I needed to load a one percent random sample of a large file last week. I’m sure others have figured out this method but this was the first time I coded it like this:
MYSAMPLE:
Load * from MYFILE.qvd (qvd)
Where Rand()<=0.01;

The Rand function returns a random value between 0 and 1. In the load statement above it would only be true 1% of the time (approximately) -- that would load only 1% of the rows. If it was coded as Where Rand()<=0.20 then it would be a 20% random sample, etc.

This method can be used with almost any Load statement even one of the steps in a preceding load. 
Note that we're talking about random numbers here so the total number of rows loaded using this technique will not be exactly 1% of the total rows in the file, although it will be close especially when the total number of rows in the file is very large. Be aware too that the rows that get loaded will not be an evenly distributed sample of rows although it will be close.

  ★★★

Sunday, May 14, 2017

Have you got a function similar to SQL NVL ?


I work with a group of people who are all experts in SQL. They all also have varying levels of technical skills and QlikView skills.
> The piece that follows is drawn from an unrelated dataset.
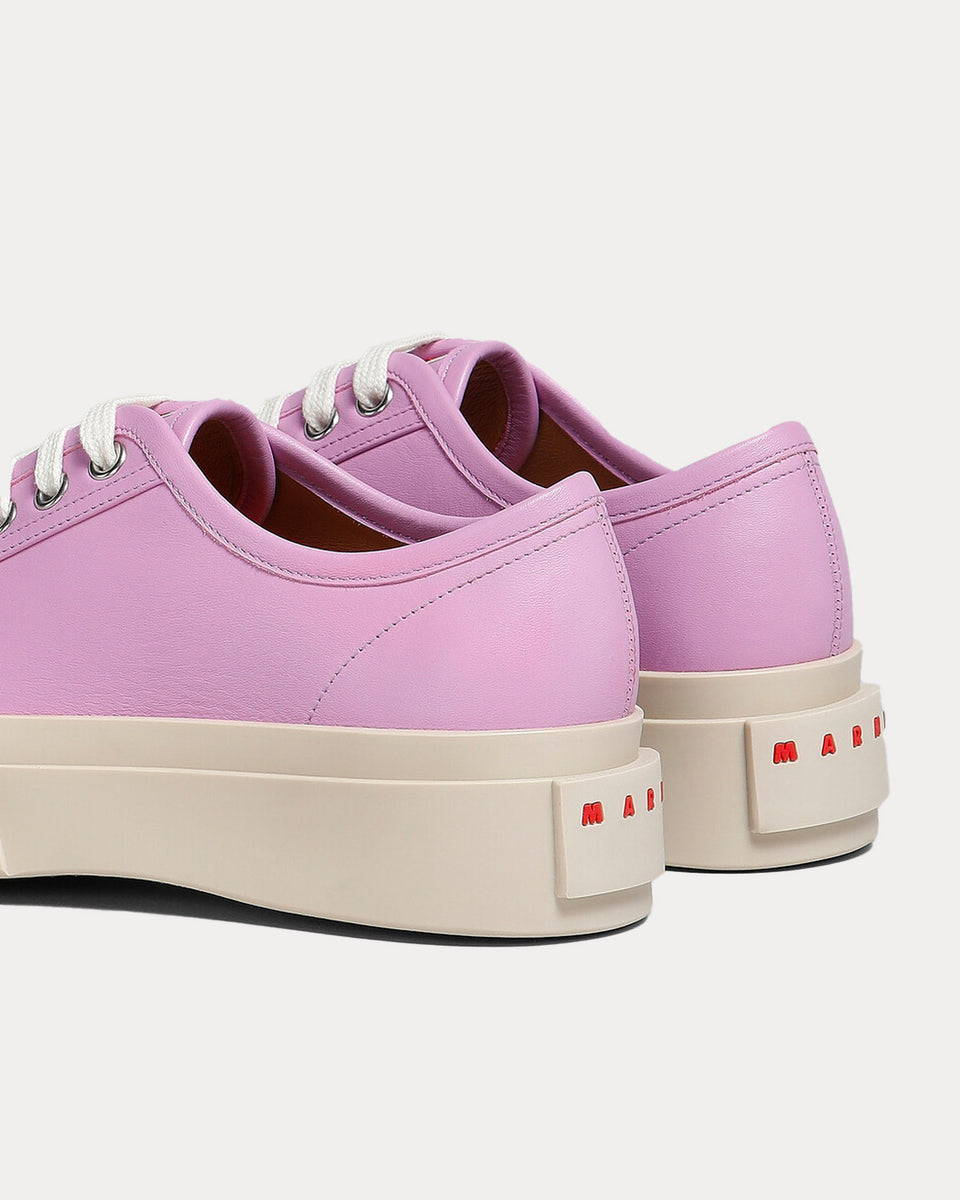 MARNI leather Logo Painted Low Cut sneakers shoes White x pink 9.1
One question I get frequently is whether QlikView has a function like the SQL NVL function.

For those of you not familiar with relational database SQL language, the NVL function takes two arguments: a field name or expression and a default value to be returned if the first argument is null. For example, a SQL database query may include the function like this:
  NVL(ORD_DISCOUNT, 0) AS ORD_DISCOUNT
And that would tell the SQL processor to look at the value of ORD_DISCOUNT and if it is null then return 0 as the function value otherwise return ORD_DISCOUNT.
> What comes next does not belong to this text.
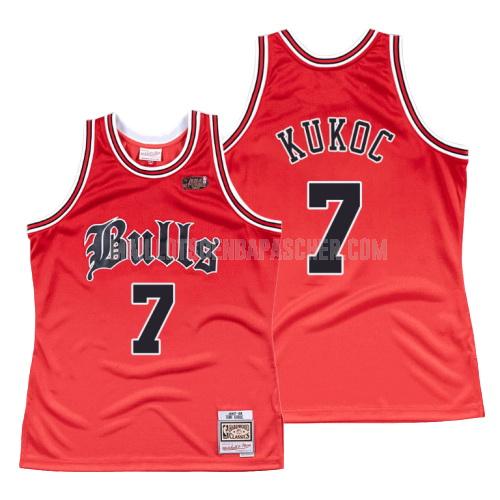 maillot nba homme de chicago bulls toni kukoc 7 rouge old english 1997-98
When people ask about achieving the same thing with QlikView, I usually start by telling them that they can code an “if” statement like this:
  If(IsNull(ORD_DISCOUNT), 0, ORD_DISCOUNT)
and then I explain that there is a built-in QlikView function that can be used similar to NVL as long as the field you are checking is supposed to be numeric. It is the Alt function.
The Alt function accepts any number of arguments and looks at each of them going from left to right and returns whichever one is a valid number. So, repeating our example, if ORD_DISCOUNT is null then the following function will return a zero but if ORD_DISCOUNT is a valid number then the function returns ORD_DISCOUNT:
  Alt(ORD_DISCOUNT, 0)   

The Alt function will treat the last or rightmost argument as an “else” condition and return that value if none of the preceding arguments are numeric. The rightmost value need not be numeric so you could code something like this:
  Alt(ORD_DISCOUNT, 'Discount is missing')

The Alt function may be used in the loadscript code or in chart expressions.
If you are interested, the QlikView Help (search in Help for Conditional Functions) shows an interesting example for how the Alt function can be used to identify a date when the date value may be any one of several different date formats.  


  ★★★

Wednesday, April 5, 2017

Converting Edited Number Text into a Numeric Field

My co-worker, Naveen, had a requirement for a document that would load some financial data from a file that a client had sent to us. The client had created the file with a “screen scraping” type of application that captured the number fields as edited numeric text. For example, a field might contain  ($3,046.10)   So, that example includes a dollar sign, comma as a thousands separator, period as a decimal point, and parenthesis to indicate a negative number or credit.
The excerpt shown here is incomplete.